Apart from electrons and positrons, cosmic rays gave rise to a number of other particles, like mesons, or ‘intermediate’ mass particles, of nine different kinds and ‘hyperons’ of six kinds. Soon many other particles were discovered, in cosmic rays and when cosmic rays or the products of radioactivity were made to strike targets of various materials. The ‘subatomic zoo’ soon became well populated and schemes to classify ‘elementary particles’ took on the aspects of taxonomy!

The way Fermi ‘introduced’ a particle’ into the reckoning, to explain beta decay, was a very exact and refined form of quantum mechanics calculation. In calculations of the outcomes of things of daily experience, like the collision of billiard balls, the method used is to start with the speeds and directions of the system before the collision and then to see how the final state must be, given the need to conserve momentum, how the energy would be spent, depending on how elastic the balls were, and so on. In quantum mechanics, the ‘state’ of a system is described as the superimposition of ‘all possible states’, with some of these ‘possibilities’ being more likely to be seen, than others. It is this composite ‘state’ that evolves, under the influence of the energy in the system. In the case of large objects, the usual, familiar ‘states’ are by far the most likely. But at the subatomic scale, quantum effects’, of energy of a system increasing not smoothly but in ‘steps’, become important and even outcomes that involve ‘temporary’ violations of conservation of energy, are permitted. Quantum mechanics takes this into account and gives the correct results at the very small dimensions.
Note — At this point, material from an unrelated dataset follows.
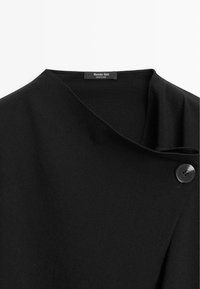 Cappotto in lana nera con colletto a scialle, caratterizzato da un solo bottone nero e una texture liscia. L'etichetta reca la dicitura "Massimo Dutti", indicando il marchio.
This method, to ‘quantise’ energy or momentum, led to spectacular success, particularly when applied to the electron going round a nucleus, in explaining the structure of the atom and the brightness of the colours emitted by atoms. A natural next step was to try and ‘quantise’ the electromagnetic field. The e.m. field is the distribution of electric and magnetic effects over a region of space. To ‘quantise’ the e.m. field was to consider that the energy in the field could not vary continuously, but only in steps. This kind of working things out led to the ‘photon’ or the particle of light, showing up as a natural property of the e.m. field. This dovetailed nicely with experiment, as the photon was already known, as a ‘quantum’ of e.m. energy, which could explain the way object radiated heat, or the phenomenon of light causing electric currents when it fell on certain metals.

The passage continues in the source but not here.